By Judy Pickering
Four years into our 40-year marriage, I can recall Michael saying “I know I can improve amino acid analysis” with such enthusiasm it could only mean big things. He’d finished up his second post-doc and was working in industry – a startling contrast, to be sure, but moving every year was increasingly difficult with our growing family. So, we settled in the Bay Area permanently and he started first with Durham Instruments and then worked for Spectra Physics. At the time, amino acid analysis was taking chemists on the order of 12 hours per run! Reducing the run time to three hours was only the first of many developments Michael had up his sleeve.
Within the year, Michael left his job to start Pickering Laboratories with our flagship product: Trione®, our ninhydrin reagent. The first bottles were sent out to industry experts for evaluation, and became our ambassadors carrying with them our hope of building a successful business. I remember it was important to Michael for the bottles of Trione® to ship upright, because he thought of them as little soldiers marching off to the marketplace to do the job of defending his reputation and building our brand.
The early days of the business were challenging. Michael did all the phases of production, taking orders as well as all of the manufacturing, packaging and shipping. He even “hired” our two older kids to wash the bottles sometimes. I was working in corporate marketing at the time, so I would attend trade shows and help Michael network with potential customers. We didn’t want people to know we were such a small company, so I used my maiden name to give the appearance I was an employee instead of his wife!
When Michael would talk to chemists about Trione®, they would get so excited about this breakthrough reagent for amino acids analysis. We were always grateful so many people offered their advice and counsel just to help the enterprise along. It was rough-and-tumble for the first year or two, and every encouraging word helped keep us going.
Customer orders began building momentum, and Michael and I breathed a sigh of relief! Michael hired an additional 3-4 people on staff and I quit my job to help with administrative duties and expanding our marketing efforts. He determined there was demand for a post-column derivatization instrument, and the PCX5000 was born. Our earliest foray into instrumentation came as a benchtop kit, with standalone components including a pump, mixing system and reactor. Michael initially didn’t want Pickering Labs to be an instrument company, but we found that the instruments were needed to support the sale of our Trione® reagent and also the growing family of buffers we were selling.

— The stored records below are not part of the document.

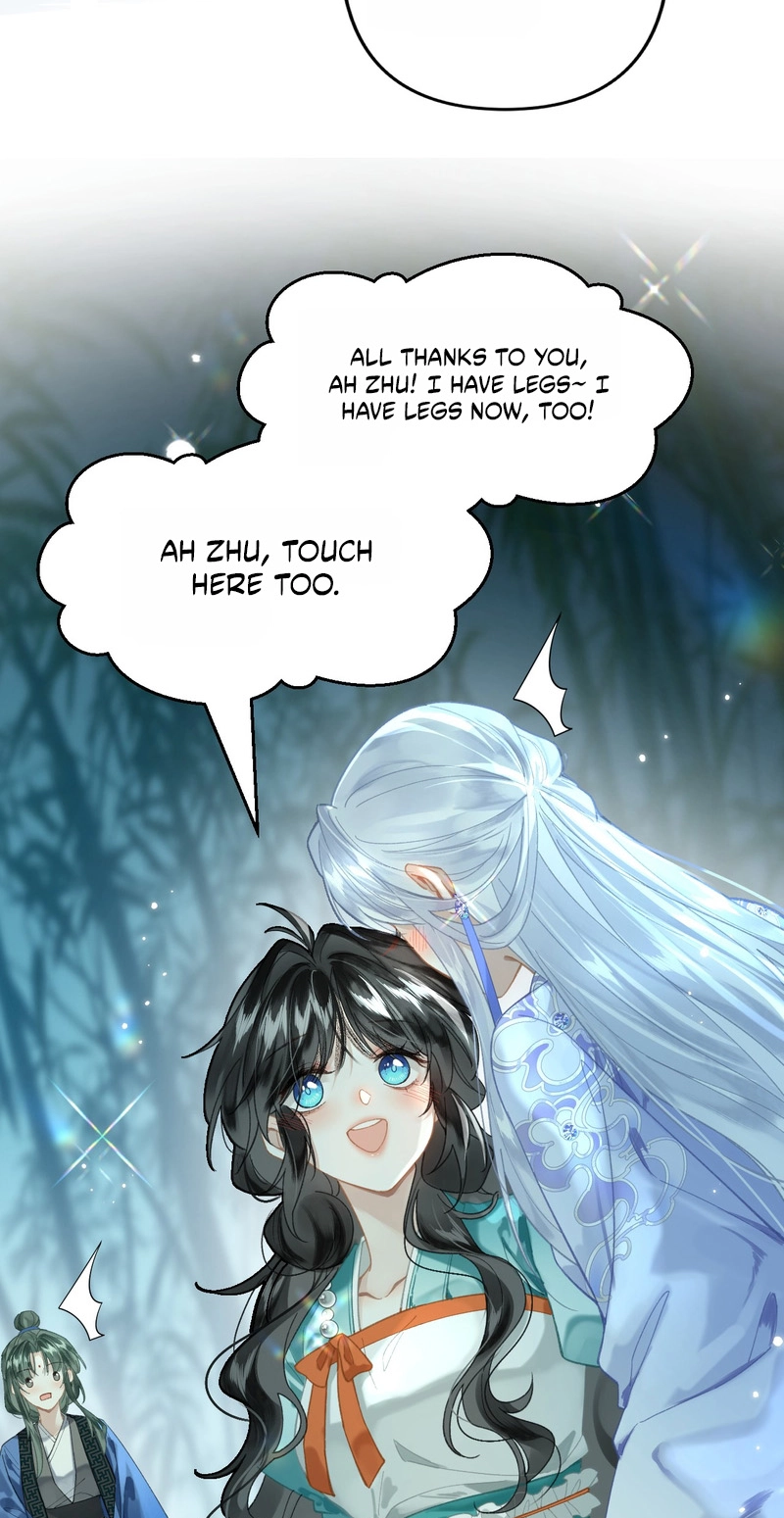 Seeking a Beauty in the East Sea Chapter 15 page 11 - 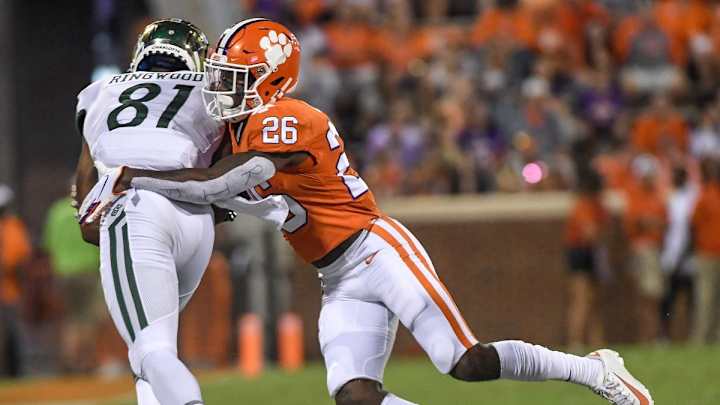 Tigers Want to be Agents of Change Tigers Want to be Agents of Change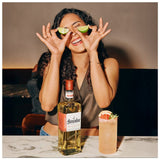 El Jimador Reposado Tequila 70cl - British product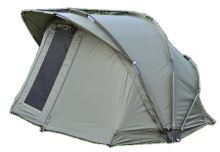 Trakker Bivak SLX V2 Bivvy 2 Man + Zimný Přehoz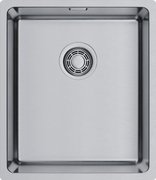 Мойка Omoikiri Tadzava 38-U/I ULTRA 15 IN фото в Челябинске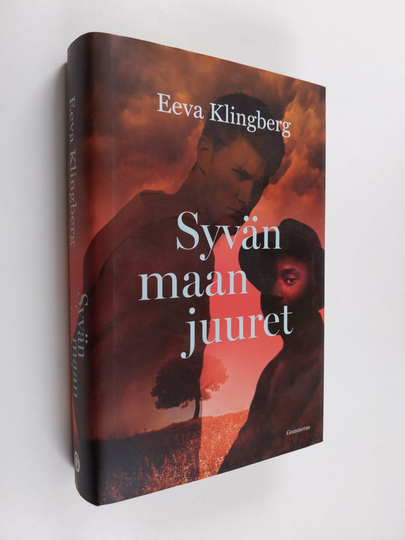 Eeva Klingberg : Syvän maan juuret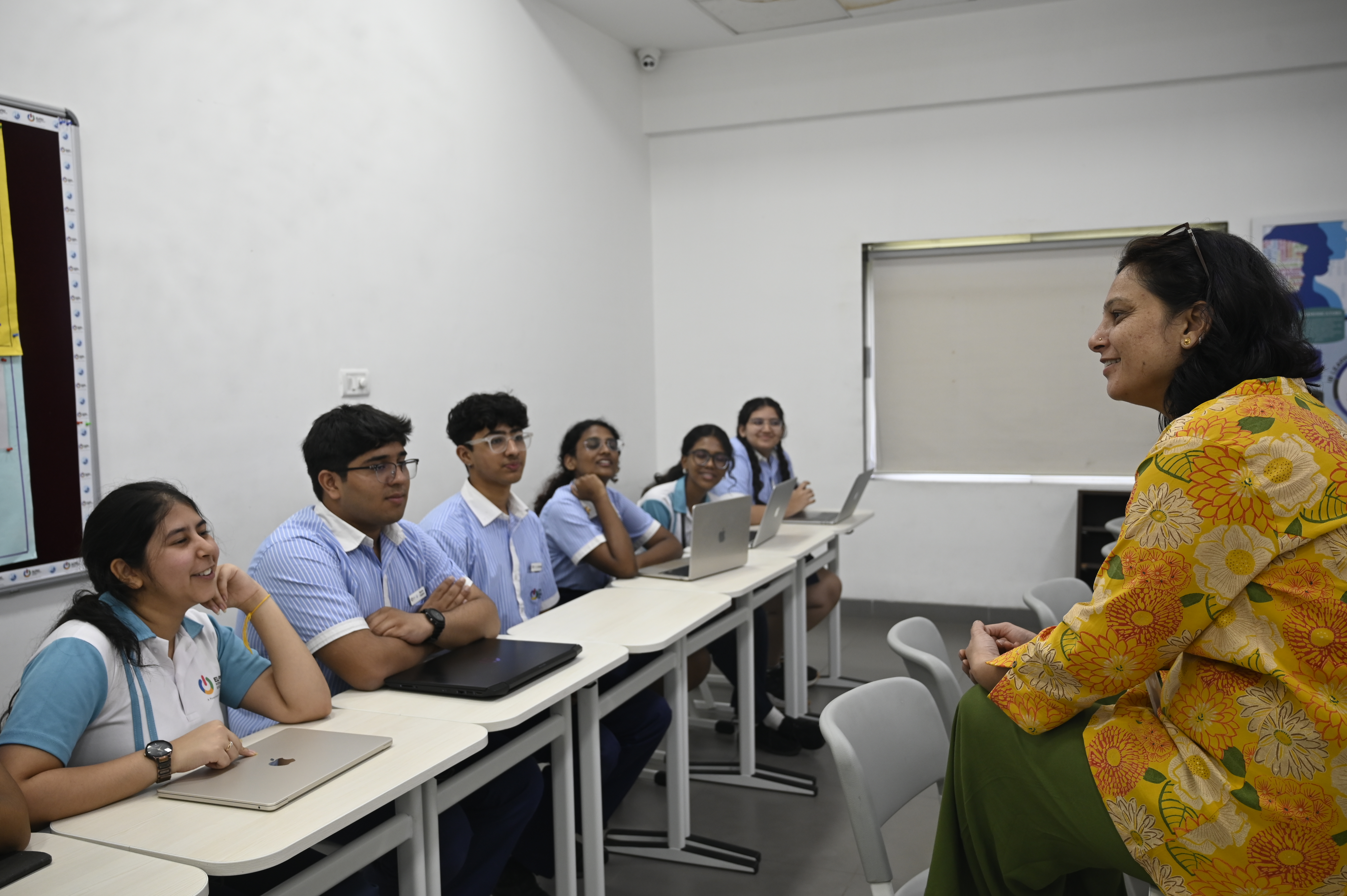 Elpro International School: A Beacon of Cambridge Education in Pune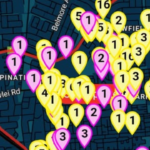 Cape Town communities endure over 350 shooting incidents in 28 days
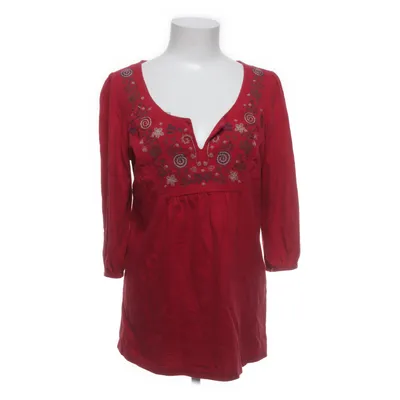 Topp (Röd, Flerfärgad) från Womens Collection by KappAhl Bomull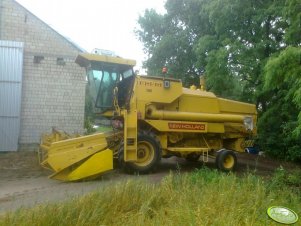 New Holland 8060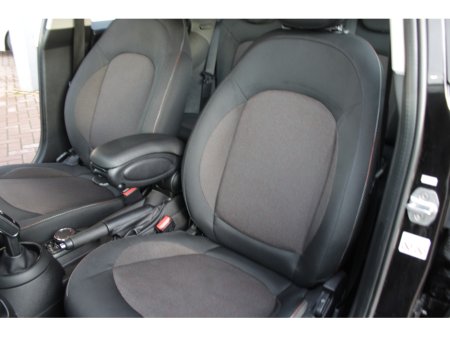 2019 MINI Cooper 1.5 COOPER 5DR HATCHBACK AUTO // 1 OWNER CAR // AS NEW CONDITION THROUGHOUT // BUY WITH CONFIDENCE AA AND SIMI APPROVED DEALER 2025 // FINANCE ARRANGED // €16,950 thumbnail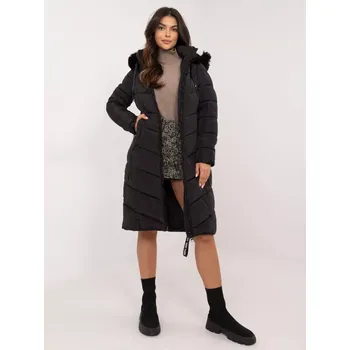 Bunda SK KR HH 2405.78P černá L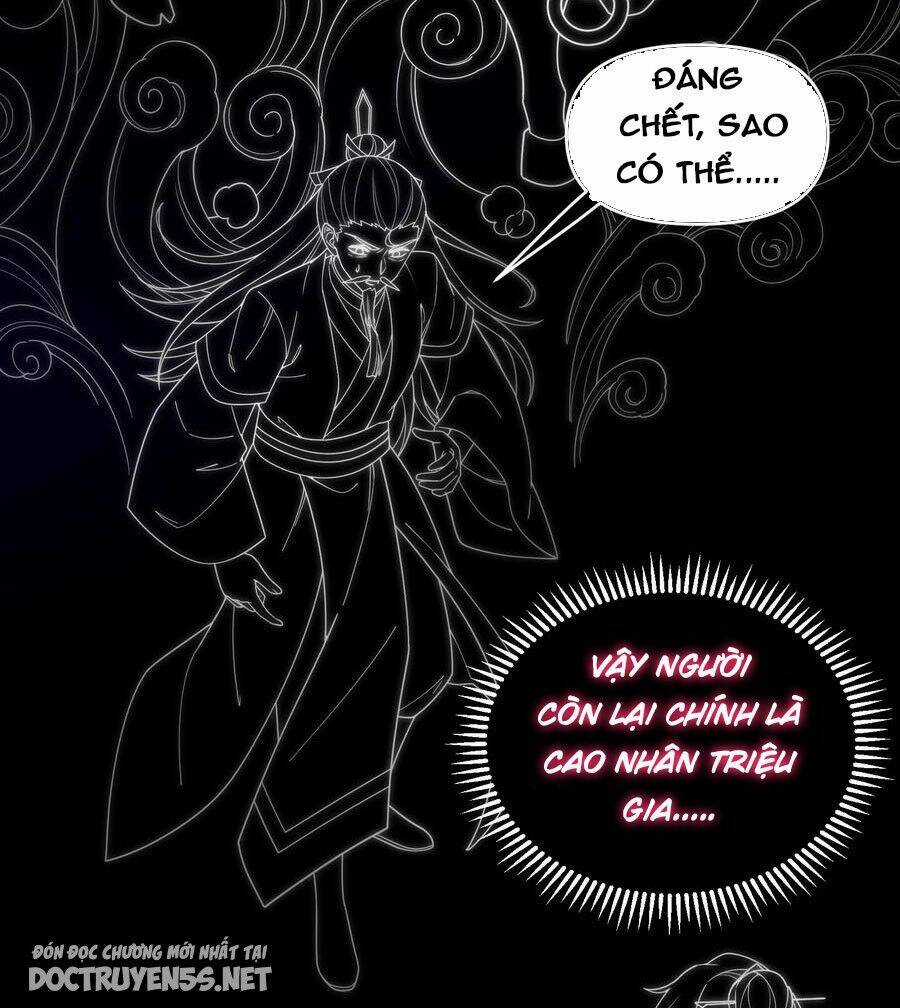 Nương Tử Nhà Ta Là Bạo Quân Nữ Đế Trong Tương Lai Chapter 47 trang 68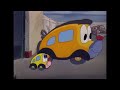 Every MGM Cartoon Studio Ending Titles 1952 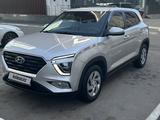 Hyundai Creta 2021 годаүшін9 000 000 тг. в Алматы – фото 2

Michael’s reputation for post-column expertise began gaining attention from other chemists whose applications were post-column but not amino acid analysis. As a result, Michael began to explore these other industries’ post-column needs. And when he developed Pickering’s OPA-reagent-based products for analysis of Carbamates and Glyphosate, he entered into the world of environmental testing and began working with EPA methods. Chemists who had previously been making their own eluents by following the EPA methods could now buy Michael’s ready-to-use buffers and purified reagents instead. And they kept reordering because of the quality and reproducibility that Michael’s chemistry delivered. He would even say that he would “guarantee the chromatogram” to any chemist using his products, which was unprecedented.
With the administrative/office duties securely staffed and the business looking more and more like a successful enterprise, I stepped back into a part-time role and focused on marketing. As our family expanded, my time also became more occupied at home (our two youngest daughters were born in the mid-80’s). By the end of the eighties, Michael was ready to hire additional staff to manage the business so he could really focus on his true passion: research and product development.
In fact, as I think about that time, the early nineties are when the company really started to take shape in its modern form. Michael added then-Operations-Manager Jim Murphy to manage the business in 1991 (Jim is our current President) and shifted fully into a technical role. They also hired a full-time marketing manager, and so I went to work soon thereafter for the Palo Alto school district.
Michael and his team evolved the PCX5000 standalone kit into the PCX3100 and PCX5100, our first fully-integrated post-column derivatization instruments. Michael also developed more post-column applications with the collaboration of EPA, FDA, AOAC and CDFA, all of which further expanded our chemistries and columns offered. Which in turn cemented our customer base and reputation for making the post-column instruments. The business experienced steady growth, and the PCX3100 and PCX5100 sold well and supported our chemistry sales exactly as we’d envisioned.
Pickering Labs celebrating its 35th anniversary is a wonderful chance for me to reflect on working so closely with Michael during the first ten years of the business. And I’d like to use our newsletter as an opportunity to introduce myself, or reintroduce myself to our long-time customers. After my retirement from the school district, I began getting involved in the business again and joined the Board of Directors in 2014. My work with the Pickering team behind the scenes isn’t very visibile to our customers, but I hope this gives us an opportunity to remember Michael together and that you enjoy my fond recollections (and new perspective?) of how Pickering Labs began.
How well I remember calling Pickering Labs and having Michael answer the phone.During those conversations, Michael always shared his knowledge with me, I can definitely say that I consider Michael as a mentor from all of the times that he helped me. I know that Children's Hospital of Pittsburgh was and is one of the first customers and we have never been disappointed. The quality of the reagents,columns, instruments and ,just as important, customer service is truly exceptional. I miss Michael but I can still hear his voice and passion! Thank you for a wonderful article!